Le poids des normes internationales

Aujourd’hui, l’environnement normatif supranational et international se déclare en faveur d’une meilleure prise en compte des salariés de la coopérative, au-delà de la seule question des avantages sociaux. Une directive européenne [7] recherche des dispositions plus favorables à la participation des travailleurs, ou l’Organisation internationale du travail (OIT) recommande de « prévoir la participation d’employés non membres au conseil de surveillance, comme c’est le cas par exemple en Allemagne dans certaines circonstances » [8]. Sur le fondement de l’esprit coopératif, la question ne devrait même pas se poser. Mais puisqu’elle se pose, des considérations plus terre-à-terre peuvent contribuer à lui apporter une réponse positive : une bonne identification des salariés à leur entreprise constitue une force à bien des égards (efficacité et stabilité par exemple) ; les jeunes seront très probablement plus exigeants en matière de participation et plus réticents vis-à-vis de structures purement hiérarchiques ; et certainement, la concurrence entre entreprises pour se procurer le capital humain d’employés très qualifiés donnera plus d’importance à tout ce qui peut améliorer, y compris de manière immatérielle, les conditions de travail [9]. Du reste, le souvenir de la Boulangerie véridique de Paris en 1839 – où « les ouvriers et les employés de la boulangerie sont associés ; outre leurs gages ordinaires, un tiers des bénéfices leur est destiné ; les deux autres tiers appartiennent aux actionnaires-consommateurs » [10] –, rappelle que dans le mouvement coopératif, les pratiques précèdent (presque) toujours le droit.
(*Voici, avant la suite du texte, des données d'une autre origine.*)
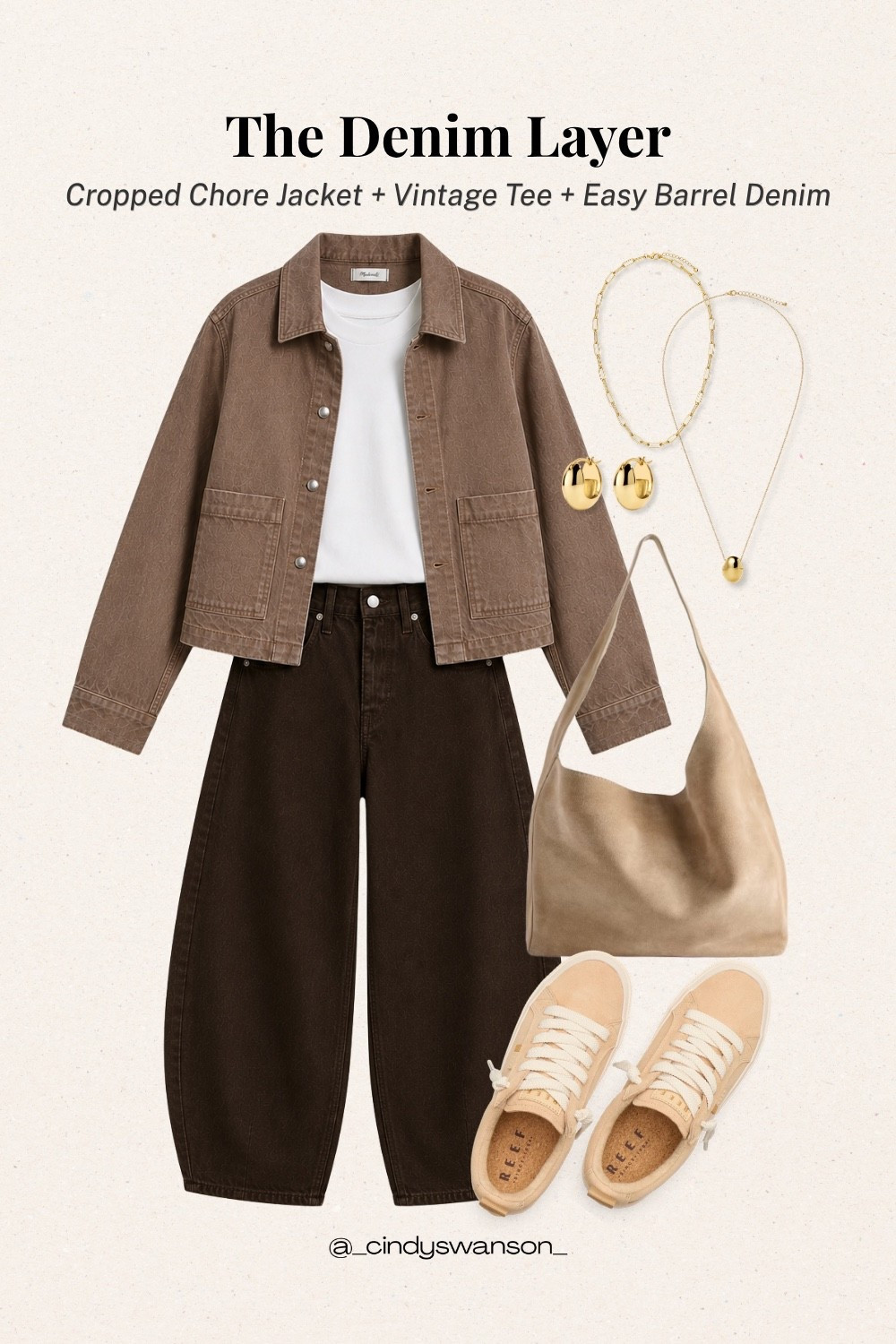 A great denim jacket can do so much heavy lifting in a wardrobe. I love this cropped chore-style jacket with a simple white tee, relaxed barrel-leg denim, neutral sneakers, and a soft suede bag—it’s an easy formula for polished everyday style, travel, and casual weekends.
À supposer que le principe d’une participation des salariés à l’administration et à la gestion de la coopérative finisse par être admis, encore faut-il en trouver la bonne formule et le bon dosage.

Comment associer le personnel à l’administration et à la direction de la coopérative

Les quatre possibilités juridiques qui permettent aujourd’hui en France d’associer concrètement les salariés à l’administration et à la direction d’une coopérative de consommateurs sont de « puissance » très variable, l’une pouvant être considérée comme très faible, une autre comme satisfaisante et les deux dernières comme fortes. Une solution juridique est recherchée, d’une part car il s’agit de trouver un mode d’association non paternaliste, pérenne et répétable d’une organisation à une autre et d’autre part parce que l’illégalité – courante aux débuts du mouvement coopératif – entraîne des risques d’insécurité juridique [11]. La pérennité d’un tel dispositif reste évidemment soumise entre autres à la stabilité de la législation. Ces quatre solutions sont issues pour deux d’entre elles du corpus coopératif lui-même, les deux autres, du Code de commerce, ce qui ne fait que souligner le manque d’autonomie du droit coopératif [12]. Seule la première serait susceptible de s’appliquer à une coopérative qui n’aurait pas une forme commerciale.

Deux solutions apportées par le corpus coopératif

Ce qui est appelé ici pompeusement corpus coopératif est constitué par deux textes, celui du 7 mai 1917, spécifique aux coopératives de consommation, et celui du 10 septembre 1947, portant statut (général) de la coopération.

Des salariés associés

La manière la plus simple pour un salarié de s’associer à la coopérative est d’y adhérer en tant que consommateur. Cependant, cette adhésion peut être contrecarrée par l’application de dispositions statutaires d’agrément des nouveaux sociétaires [13], en dépit de l’affirmation de Gide (1 904) selon laquelle « l’entrée étant libre pour quiconque souscrit une action, il va sans dire que les employés peuvent se faire admettre comme sociétaires s’ils le veulent : on ne peut pas les en empêcher » [14].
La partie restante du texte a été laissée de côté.